Always the gentleman though, Jay did not let their absence go unmentioned. Just the opposite in fact; he hit the stage running with a cover of “No Sleep ‘Til Brooklyn” as images of the city flashed on the enormous screen behind him (video here). That naturally segued into his own “Brooklyn (Go Hard),” the thematic appropriateness of the transition compensating for the fact that we were in fact not in Brooklyn, nor New York state at all technically. The crowd went hard regardless.

The Jigga man slammed at breakneck pace through a wide range of tracks, from new single “D.O.A. (Death of Autotune)” (already featured on his merch) to old-school material like “Can I Live,” played in honor of Michael Jackson after a prelude of a bit of “I Want You Back.” A man with quite a few hits, he managed to play just about all of them at such rapid-fire pace he avoided the nostalgia feel, ripping from “99 Problems” to “Big Pimpin’” to “Hard Knock Life (Ghetto Anthem)” so professionally in the encore it never seemed obligatory.

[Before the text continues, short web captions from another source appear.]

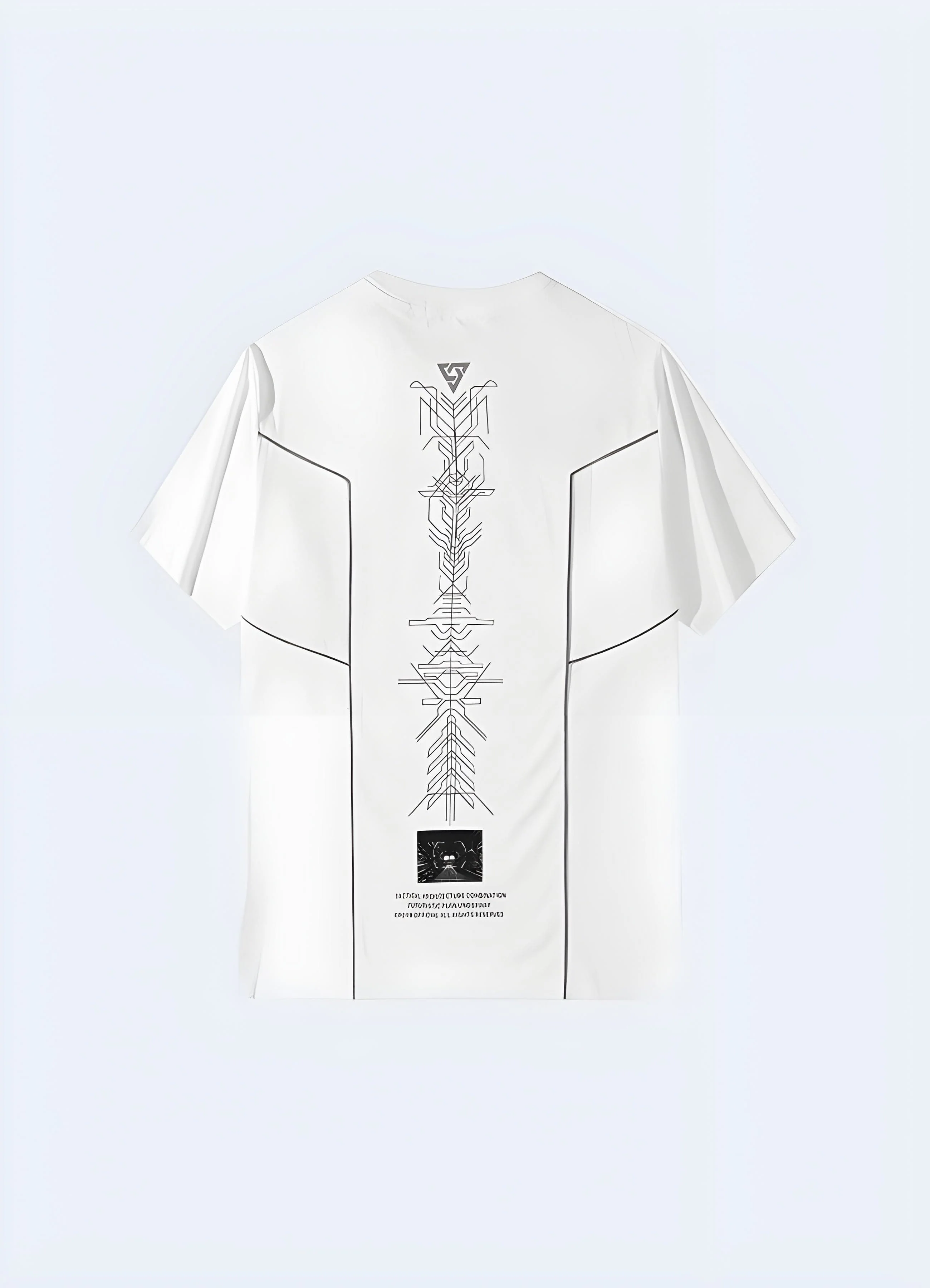Sci-fi Shirt - Image 4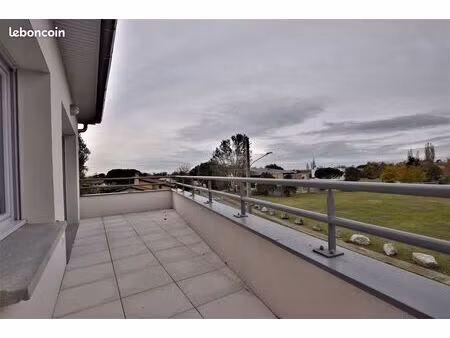 appartement 3 pièces 61 m²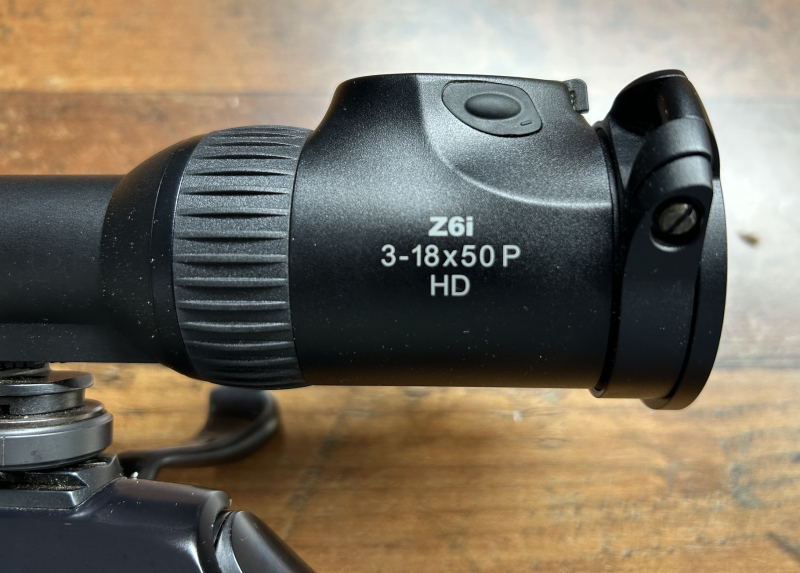 Sauer 202 7mm RemMag mit Swarovski – imagen 4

All the credit cannot go to Jay however. His ace ten-piece backing band rendered the onstage DJ all but irrelevant, hitting every bump and grind in the beats to let Jay’s delivery flow naturally of its own accord. They dropped loud Linkin Park riffs for closing “Encore” and funky keyboard swirls for “Big Pimpin’,” but stepped back when necessary, such as when Jay premiered an impromptu a cappella verse off his upcoming Blueprint 3. Admittedly, most of the crowd probably didn’t care as much as he thought we did about that hard-to-hear teaser, but after two decades at the top of the game Jay-Z has earned the right to be cocky about his appeal. Confidence needn't lead to complacency though, and Jay played a man with something to prove. What? Perhaps he was proving simply that he has nothing left to prove.